Virgin River (Virgin River #1)(60)



Preacher’s black brows shot up in surprise and he put up his hands as if being arrested. Mel slowly let go of his shirt and sat back on the stool. “He’s drunk,” Preacher said.

“Well, no kidding. But there’s something wrong with him. He’s been different all week.”

Again the shrug. “Sometimes when the boys are here, it dredges things up. You know? I think he’s having some remembering of things not so good.”

“Marine things?” she asked. Preacher nodded. “Come on, Preacher. He’s the best friend I have in this town.”

“I don’t think he’d like me talking.”

“Whatever this is, he shouldn’t go through it alone.”

“I’ll take care of him,” Preacher said. “He’ll snap out of it. He always does.”

“Please,” she implored. “Can’t you guess how much he means to me? I want to help, if there’s any way I can.”

“I could tell you some things, but they’re very ugly things. Not for a lady to hear.”

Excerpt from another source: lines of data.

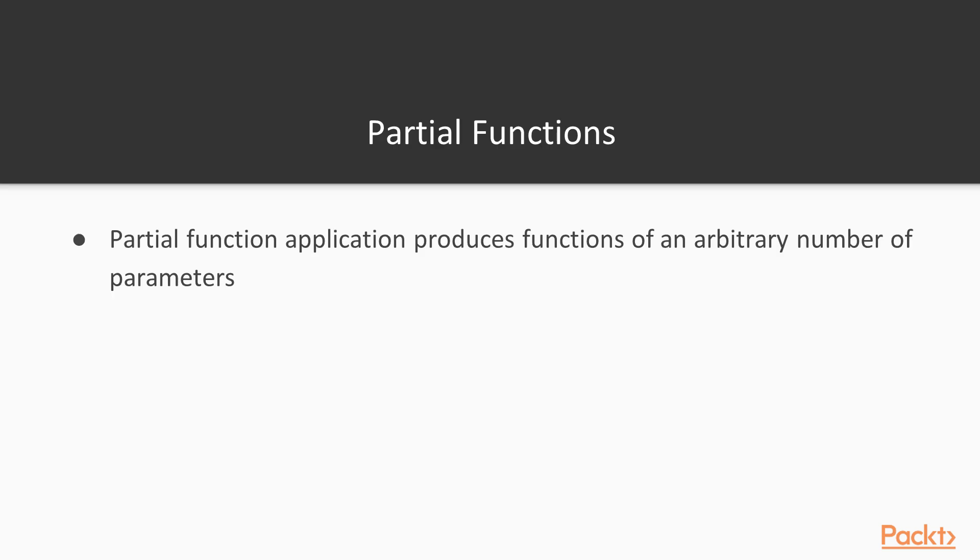Now let's have a look at what is a partial function. A partial function is a function that is made of other functions but with a smaller number of parameters. The process is called partial function application, which produces functions of an arbitrary number of parameters that is smaller than the actual function.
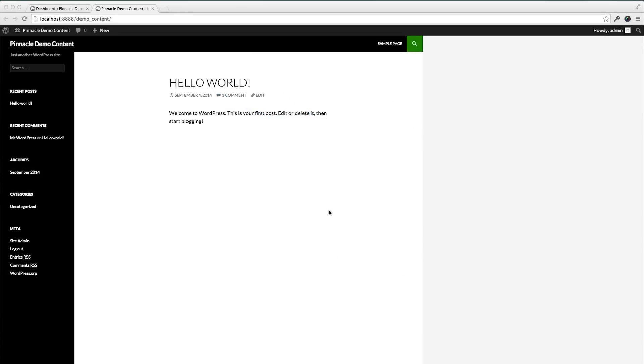Okay, this is a brief tutorial on installing the demo content with Pinnacle Premium.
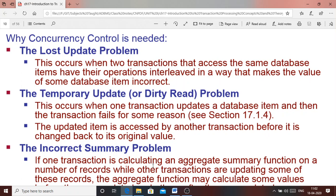Concurrent execution of transactions can lead to some problems, for which you need concurrency control measures. Before discussing those measures, let us discuss the problems that may arise. When transactions are executed concurrently, there are three different categories of problems that may arise.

She laughed a little. “You can’t imagine the things I’ve seen, much less heard. I worked in a trauma center for almost ten years. It could get pretty ugly at times.”

“Not like this.”

“Try me.”

Preacher took a deep breath. “Those boys that come up every year? They come to make sure he’s okay. He was their sergeant. My sergeant. Best sergeant in the marines. He’s been in five combat zones. The last one, Iraq. He was leading a platoon into interior Fallujah and one of the boys stepped on a truck mine. Blew him in half. Right away we were pinned down by sniper fire. Our boy who stepped on the mine, he didn’t die right away. Something about the heat of the explosion—it must’ve cauterized arteries and vessels and he didn’t bleed out. Didn’t have pain, either—it must have done something to his spine. But he was fully conscious.”

“My God.”

“Jack ordered everyone to take cover in the buildings, which we did. But he sat with his man. He wouldn’t leave him. Under sniper fire, leaning against a fat tire on an overturned truck, he held him and talked to him for a half hour before he died. Kid kept telling Jack to go, take cover, that it was okay. You know he didn’t go. He’d never leave one of his men behind.” He took a drink of coffee. “We saw a lot of stuff back there that will give you nightmares, but that’s the one that sometimes gets to him. I don’t know what hits him harder—the kid’s slow death or the visit he paid his parents to tell them all the things he said before he went.”

“And he gets drunk?”

“Fishes a lot. Maybe goes into the woods and camps awhile to get his stability back. Sometimes he’ll try to drink it away, but that’s pretty rare. First, it doesn’t work too well and second, he feels like crap afterward. But it’ll be okay, Mel. He always comes out of it.”

“Jesus,” she said. “I guess everyone has baggage. Gimme a beer.”

He poured one from the tap and put it before her. “So maybe the thing to do is just let him be awhile.”

“Is he going to wake up soon?”

“No. He’s tanked. I was just about to carry him to bed when you walked in. I’ll sleep in the chair in his room, just in case.”

“In case of what?”

“In case he’s not just drunk. In case he gets sick or something. He carried me down a road in Iraq—about a mile. I’m not letting anything happen to him now.”

She drank some of her beer. “He’s carried me a little, too,” she said. “I don’t think he knows it, though.”

They sat in silence for a little while. She drank about half her beer. “I’m trying to get a picture of him carrying you,” she said. “Must’ve looked like the ant and the rubber tree.”

He surprised her with a chuckle.

“How’d he get you to come here? To this little town?”

“He didn’t have to talk me into it. I kept in touch with him when he got out, and when I got out, I came up. He said I could stay and help around the bar if I wanted to. I wanted to.”

A noise behind her made her turn. Jack fell off the chair and crashed to the floor, sprawling there.

“Nightie-night time,” Preacher said, coming around the bar.

“Preacher, if you’ll get him to his room, I’ll stay with him.”

“You don’t have to do that, Mel. Could be unpleasant. You know?”

“Not a problem,” she said. “I’ve held many a bucket, if it comes to that.”

“Sometimes he cries out.”

“Sometimes, so do I.”

“Is it what you want?”

“It is. I want to.”

“You really do care about him, then?” he asked.

“I said so, didn’t I?”

“Well, okay. If you’re sure.”

Preacher crouched and pulled Jack upright. Hands under his armpits, he got him to a limp standing position, then putting a shoulder to his midsection, hoisted him over his shoulder in a fireman’s carry. Mel followed him to Jack’s bedroom.

She’d never been in Jack’s quarters. It was set up like a little efficiency apartment with two means of entry—either through the kitchen behind the bar or the back door that led out to the yard. It was L-shaped, the bedroom being in the short end of the L and the living area larger. There was a table with two chairs by the window and while there was no kitchen, there was a small refrigerator.